REVIEW: GoodPop Ore-Ida Fudge N’ Vanilla French Fry Pop

Ore-Ida getting into the ice cream game is not something I had on my radar for the second half of 2024, but I am totally here for this experimental weirdness. I suppose I shouldn’t be too surprised by any unusual brand collaborations these days, and despite not seeing this one coming, it does make sense. Although I am not personally a fan of dunking my fries into a milkshake, I know it’s a popular move, and I do enjoy the two in tandem, as the sweet and salty complement each other well. To emulate this burger joint staple, GoodPop has taken a creamy dairy-free oat milk base and coated it with chocolate fudge sprinkled with real crispy potatoes.

As a mission statement, GoodPop only uses dairy and gluten-free ingredients, so it’s no surprise they know how to do a decadent vegan ice cream bar well. The oat milk base is nice and creamy, with a touch of fluffiness and decent density.
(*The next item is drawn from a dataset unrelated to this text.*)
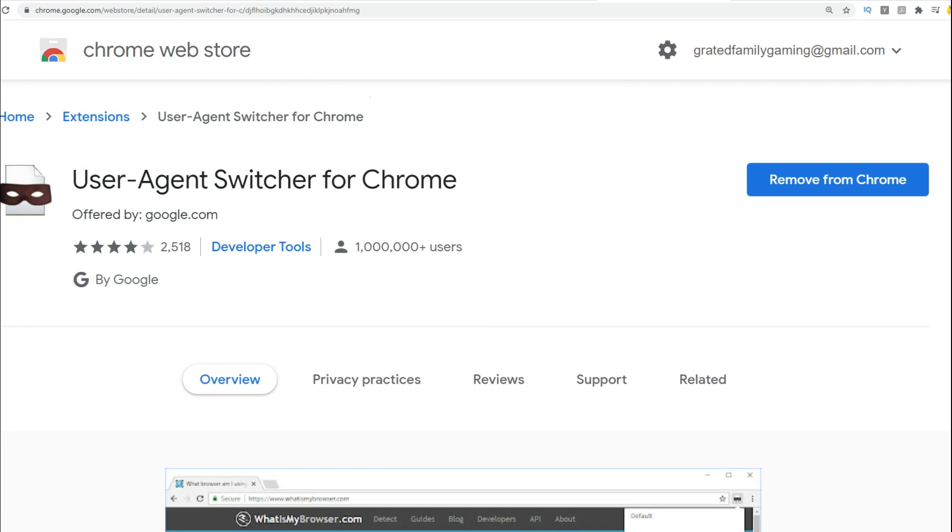So when you click on that one, you can see right here, it says remove from Chrome because I've already got it. But for you, you're going to want to click on add to Chrome and you're going to want to add this extension.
The flavor is unmistakably oat milk for those familiar with dairy versus nondairy frozen desserts, but it’s a safe and satisfying execution of a plain/vanilla profile. The finish has a touch of the taste of the way Play-Doh smells, which probably sounds like a bad thing, but I’ve tasted this in a lot of oat milk bases, and I don’t mind it at all.

Where this bar really shines is in the chocolate coating. You could have fooled me into thinking this was a full-on milk-laden Häagen-Dazs exterior because of the fantastic flavor. Bittersweet in its profile, it has a luxuriously melty mouthfeel and the perfect level of thickness to really carry and enhance the enjoyment of the novelty treat.

But what about the potatoes? The potatoes totally work and deliver a big, bold, satisfying crunch that ties the whole experience together like a Christmas bow. A decent amount of fried potato flavor comes through, too. Not so much that it’s distracting from the overall sweet presence of the dessert, but enough to stand out from your average Nestle Crunch-style rice coating.

My one gripe with the potatoes and the bar as a whole is that it could be a bit saltier. There is some salt there, and it’s largely dependent on the density of the potatoes in any specific bite, but because the potatoes are covered in chocolate, there are times that that salty pop doesn’t come through. It’s far from non-existent, but I wanted a little more for a product that’s supposed to boldly emphasize its sweet and saltiness.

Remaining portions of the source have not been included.